Twain was among the first, some say the first, to write in a purely American dialect. (If I win the lottery, I will commission a detailed annotated Roughing It.) The language of Huck is regional, somewhat ignorant, and entirely American, devoid of the slavish devotion to flowery British literary style. (MT is alleged to have said of a library devoid of books that it had not a single volume by Jane Austen, and was hence a splendid library…)

Twain’s popularity suffered due to his fierce opposition to the burgeoning America imperialism which he regarded as a disgusting betrayal of the American Revolution and the human progress it promised. Though ferociously attacked for his “unAmericanism” (sound familiar?), he refused to back down and started to spend more and more of his time abroad.

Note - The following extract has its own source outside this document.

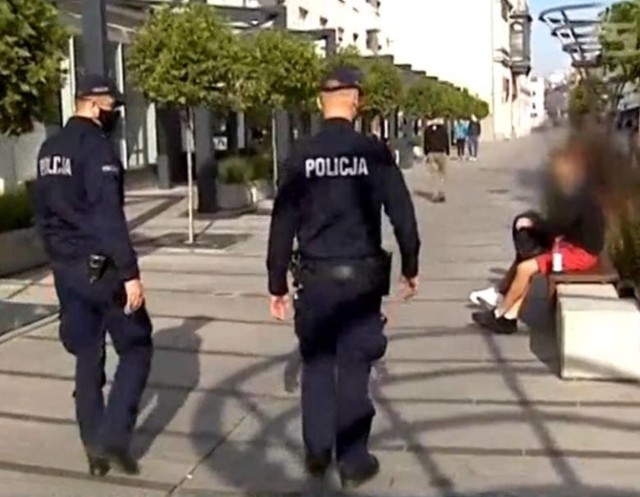 Tak opolscy policjanci kontrolują przestrzeganie reżimu sanitarnego.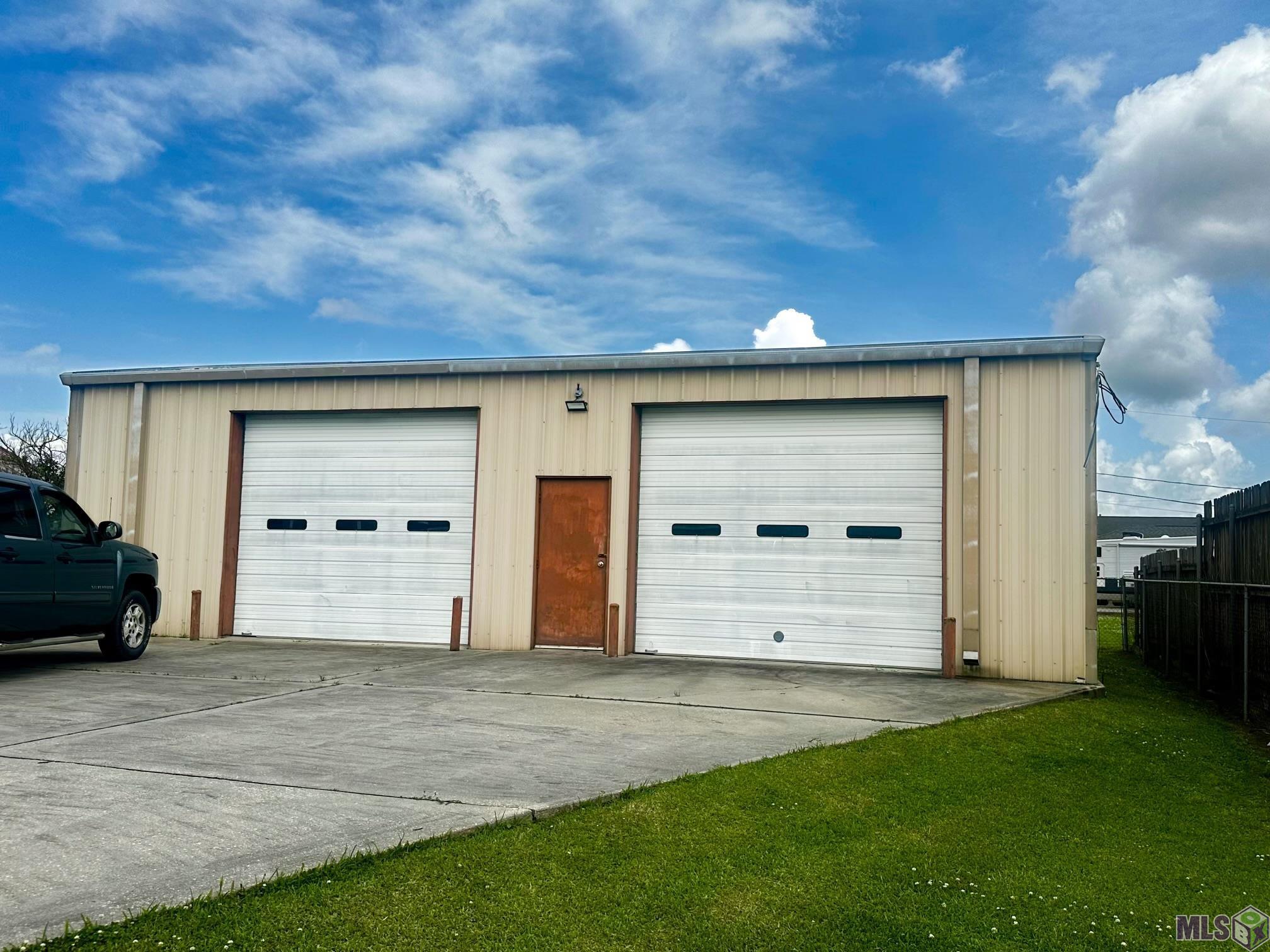 161 Oak D Street Larose, LA 70373 - Photo 18 of 21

For years, far more of his books were sold in England than America, and it was fashionable for snotty Angolphile literary critics to sneer at Twain as unsophisticated and rustic. Somewhere along about the 30’s, in one of those inexplicable reversals of literary fashion, he was “rediscovered.” Naturally, his use of “nigger” didn’t enter into it. He was strongly championed by Communist/Marxist writers, who were at the very forefront of the nascent civil rights movement. Clearly, his use of the word had no bearing, since nobody much cared if black people were offended or not.

Critics and “political prudes” avoided the moral and racial implications of Huck, and pretended to be offended by Huck’s “trashy” and ignorant language. (Maybe some genuinely were, but fuck 'em anyway…)

Mr. Twain will weather this little tempest as well. Because he’s funny. And if you can make people laugh, they will forgive you damned near anything.

So, amarinth, just what should be taught in a literature class? “Dick and Jane” books? Or could we stretch as high as the Hardy Boys and Nancy Drew?

A snooty retired school marm response in observance of Samuel Clemens’s 168th birthday:

Do you honestly believe that Huckleberry Finn was designed without motive, moral or plot? This masterpiece that Ernest Hemingway referred to as “the great American novel” is lacking in these literary fundamentals? Please keep in mind when reading that particular preface that the author was, above all, a humorist. Of course the novel was written with motives in mind, a plot line and a moral to the story! And Huck was irrevocably changed by his experience. It opened his eyes!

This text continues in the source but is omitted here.